Approximately symmetric distribution centered on 15 days per month, indicating moderate engagement as the norm. The 6.8-day standard deviation reveals substantial variation: some accounts log in nearly daily, others barely weekly. Only 0.49% outliers, suggesting the engagement range is natural rather than anomalous.
Highly right-skewed (skewness = 2.04), with median well below mean. Most accounts (60%+) submit 0-3 tickets, but a significant minority generates heavy support load. The 5.95% outlier rate captures accounts submitting 10+ tickets in 90 days, signaling either product friction or complex use cases.
Extreme right skew (skewness = 3.35). 68.4% of accounts have zero unresolved tickets, indicating baseline support resolution is functional. However, the tail matters: 6.38% of accounts have 3+ unresolved tickets, representing sustained support failures. The nonzero values present are: 1, 2, 3, 4, 5, 6, 7, 8, 9, 10, 11, 13, and 15.
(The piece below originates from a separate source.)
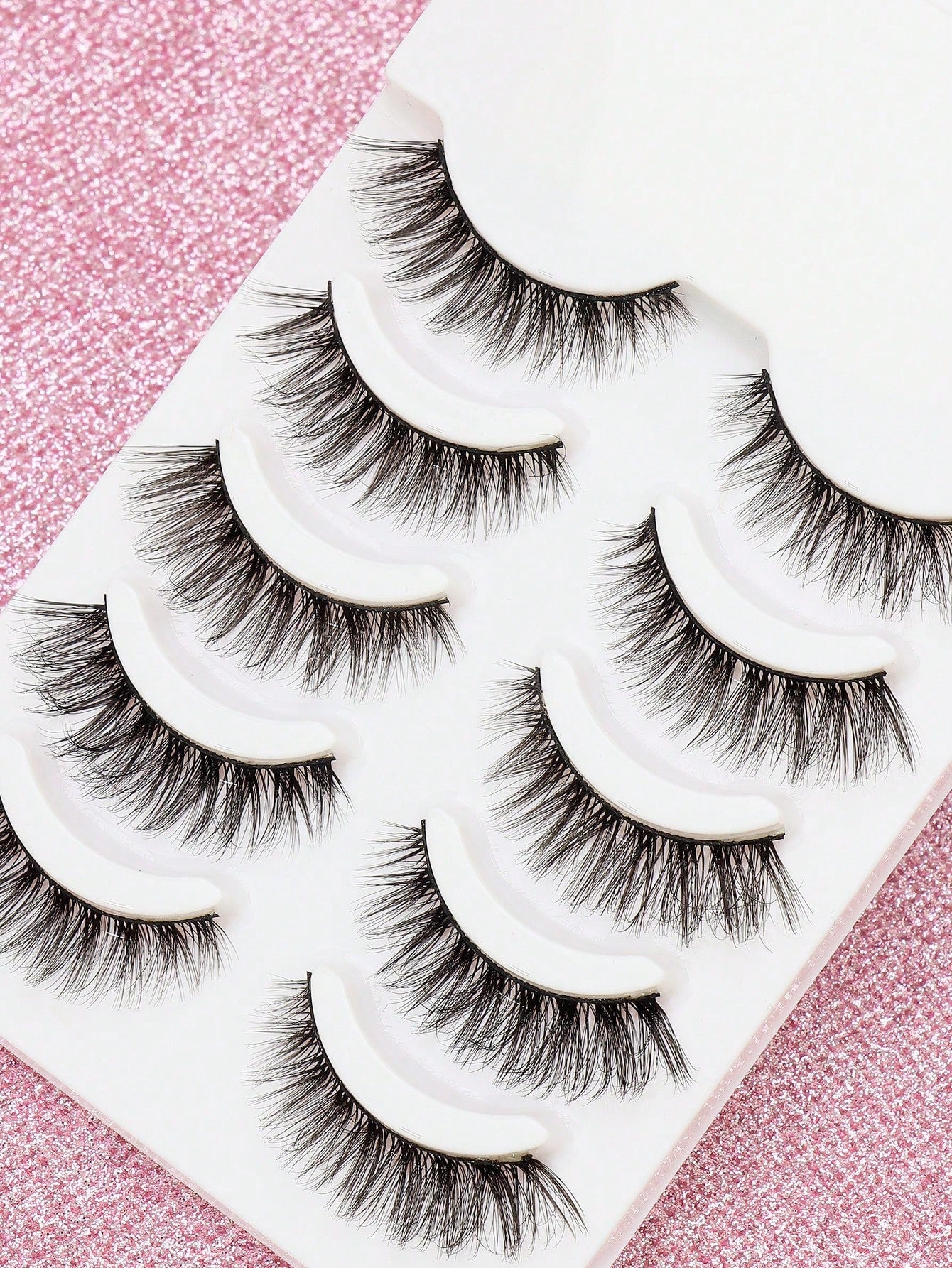 5 Pairs 3D Natural Fluffy False Eyelashes, Cartoon Makeup Effect, Suitable For Cartoon Style Eye Makeup, Strip Eyelashes, Eyelashes, False Eyelashes.,Suitable For Daily Work Meetings, Natural False Ey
Slightly right-skewed (skewness = 0.34), with most accounts achieving value in 12-25 days. The 9.7-day standard deviation indicates variability in activation speed. Churned accounts took 24.6 days on average vs. 18.5 for retained accounts (Cohen's d = 0.64, medium effect), confirming that delayed value realization predicts attrition.
Highly right-skewed (skewness = 2.52), with median significantly below mean due to high-value outliers. The distribution reflects a typical SaaS customer base: many small-to-mid accounts, with Enterprise contracts driving the tail to $6,564/month. The 5.14% outlier rate represents natural revenue concentration rather than data issues.
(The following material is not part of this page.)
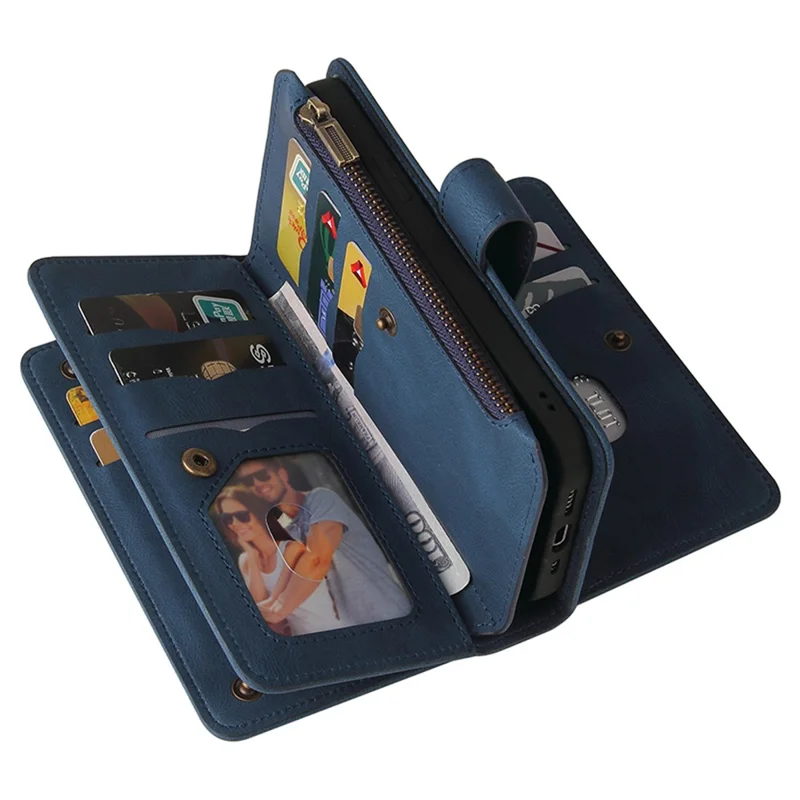 For Xiaomi 14 Zipper Wallet Case with 15 Card Slots and Strap Leather Phone Cover - Blue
Approximately symmetric (skewness = 0.11), indicating balanced customer tenure. The range spans 1 to 40 months, with only 0.17% outliers. Churned vs. retained accounts show minimal tenure difference (15.2 vs. 15.6 months, Cohen's d = -0.06), suggesting churn is not primarily a maturity or "honeymoon period" phenomenon.
Approximately symmetric ratio field representing account growth or contraction. Mean of 0.08 indicates slight average expansion. Churned accounts show 0.06 vs. 0.08 for retained (Cohen's d = -0.11, small effect), indicating expansion rate has minimal predictive power for 90-day churn.
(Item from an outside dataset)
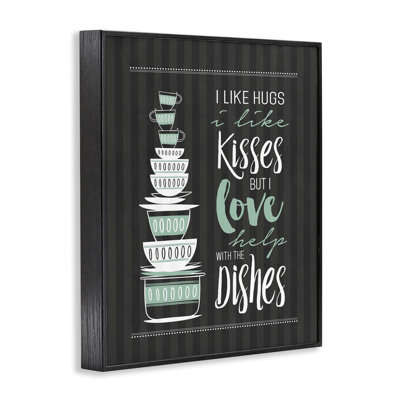 Giclée encadrée Love Love With Vaisselle, design par lettres et doublure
Growth plan dominates at 37.34% (2,427 accounts), followed by Scale (25.14%), Starter (23.42%), and Enterprise (14.11%). The distribution shows moderate concentration with entropy = 1.92. No plan type is dangerously underrepresented. However, churn rate analysis reveals that Starter plan carries the highest risk at 14.72%, while Enterprise shows the lowest at 9.16%.
Ecommerce leads at 33.28% (2,163 accounts), followed by B2B SaaS (24.45%), Marketplace (15.42%), Agency (15.20%), and Creator Tools (11.66%). Entropy = 2.22 indicates reasonable diversity. Creator Tools, despite being the smallest segment, shows the highest churn rate at 15.04%, indicating product-market fit challenges or service gaps for this vertical.
Nearly balanced across five channels with entropy = 2.32 (very high diversity). Organic leads narrowly at 21.23%, followed by Outbound (20.55%), Marketplace (19.78%), Partner (19.48%), and Paid Search (18.95%). This balance is operationally healthy, avoiding over-reliance on any single channel. However, Paid Search shows the highest churn rate at 13.8%, raising CAC efficiency concerns.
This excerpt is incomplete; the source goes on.